The ESF cap is proposed at $32.5 million for the fiscal year beginning on July 1, and it would adjust annually in the future based on changes in the average weekly earnings of Coloradans.

Second — and this was a big reason behind Barela’s opposition — it means that more money in the ESF can go toward workforce-training grants rather than be diverted to labor-law enforcement. Barela, who rose from the local ranks before Polis chose him to be a part of his cabinet, told The Sum & Substance last month that such training is vital at a time when many industries face a shortage of workers who have the skills to do needed jobs.

Finally, if the Legislature follows through on the spirit of SB 232 and on Barela’s request to bar new bills from funding enforcement via the ESF, it will make it harder for some or all those bills to find the money they need to pass into law.
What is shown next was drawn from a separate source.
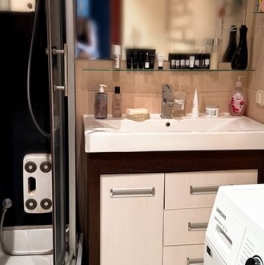 Продажа 1-комн квартиры на вторичном рынке Изумрудная улица,  д. 24 к2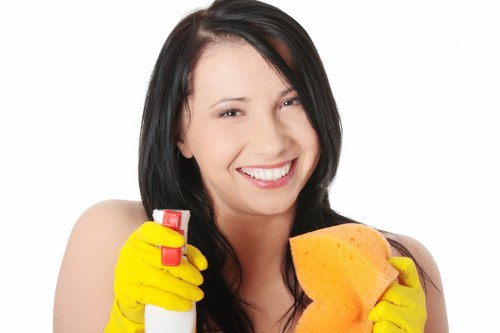Preparing a property for deep cleaning in Enfield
With one of the six bills seeking ESF money already dead (the Fair Workweek proposal to require advanced scheduling for restaurant and retail workers) and another viewed as more of a proper use of unemployment-tax funding (House Bill 1078, which would create a $35 weekly stipend for the children of benefits recipients), four bills could be affected:

  • SB 105, which would add more requirements to the two-year-old Equal Pay for Equal Work Act and double the allowable backpay from three to six years;
  • SB 98, which would increase the amount of information that gig-worker companies like Uber and Lyft must provide to drivers regarding their payments;
  • SB 111, which would grant public-sector workers the right to engage in organizing activities and participate in the political process in off hours; and,
  • SB 17, which would allow workers to use paid sick leave to deal with the death of family members or to care for children when their school closes temporarily.